Gross G J, Buck J D, Warltier D C, Hardman H F
J Cardiovasc Pharmacol. 1979 Jan-Feb;1(1):139-47. doi: 10.1097/00005344-197901000-00013.
The effect of a new cardioselective beta adrenergic antagonist, bevantolol (CI-775), on regional myocardial blood flow and contractile function distal to a severe flow-limiting stenosis of the left circumflex coronary artery was studied in open-chest dogs. Bevantolol (1 mg/kg, i.v.) or saline was administered 30 min after production of left circumflex stenosis sufficient to reduce resting coronary blood flow and contractile force approximately 40%. Regional myocardial blood flow and contractile force were measured with radiolabeled microspheres and Brodie-Walton strain gauge arches, respectively. No significant changes were observed in the saline-treated group. Following bevantolol treatment subendocardial blood flow (1.30 +/- 0.29 to 0.93 +/- 0.19 ml/min/g) and contractile force decreased (11.4 +/- 4.4%) significantly (p less than 0.05) in nonischemic myocardium. Subendocardial blood flow (0.59 +/- 0.14 to 0.81 +/- 0.14 ml/min/g) and contractile force increased (29.3 +/- 3.6%) significantly (p less than 0.05) in ischemic myocardium. These results suggest that bevantolol produces a favorable redistribution of flow to ischemic subendocardium. The increase in flow results in an improvement of contractile function in the ischemic region.

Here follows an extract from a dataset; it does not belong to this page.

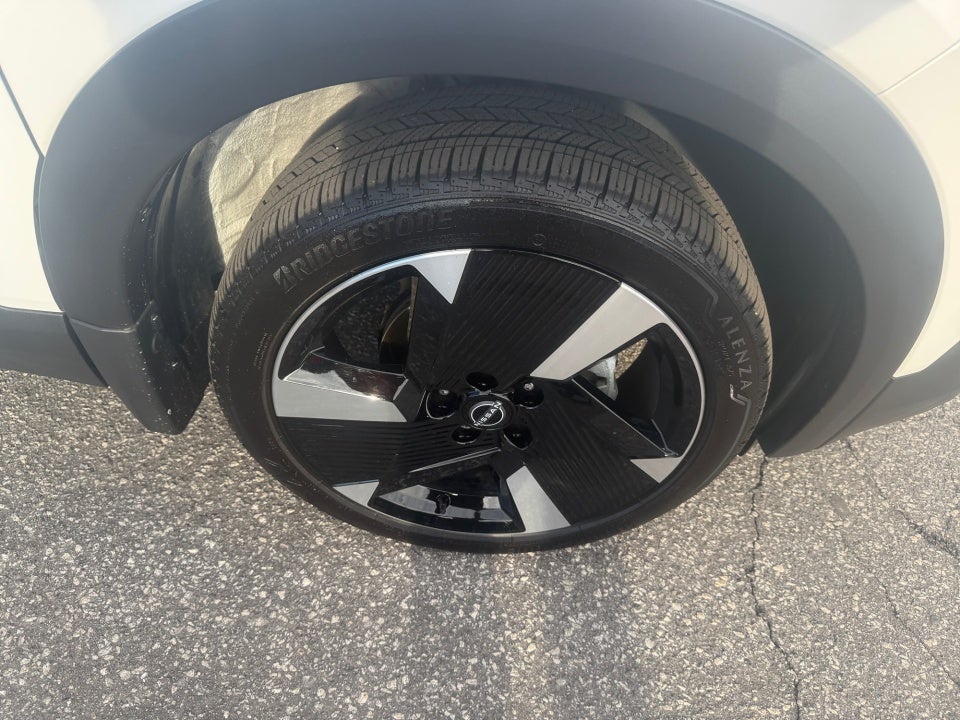 2025 Nissan Kicks SR Intelligent AWD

在开胸犬身上研究了一种新型心脏选择性β肾上腺素能拮抗剂贝凡洛尔(CI - 775)对左旋冠状动脉严重血流限制性狭窄远端区域心肌血流和收缩功能的影响。在造成足以使静息冠状动脉血流和收缩力降低约40%的左旋冠状动脉狭窄后30分钟,静脉注射贝凡洛尔(1毫克/千克)或生理盐水。分别用放射性微球和布罗迪 - 沃尔顿应变仪弓测量区域心肌血流和收缩力。在生理盐水治疗组未观察到显著变化。贝凡洛尔治疗后,非缺血心肌的内膜下血流(从1.30±0.29降至0.93±0.19毫升/分钟/克)和收缩力显著降低(11.4±4.4%)(p<0.05)。缺血心肌的内膜下血流(从0.59±0.14升至0.81±0.14毫升/分钟/克)和收缩力显著增加(29.3±3.6%)(p<0.05)。这些结果表明,贝凡洛尔可使血流有利地重新分布至缺血的内膜下区域。血流增加导致缺血区域收缩功能改善。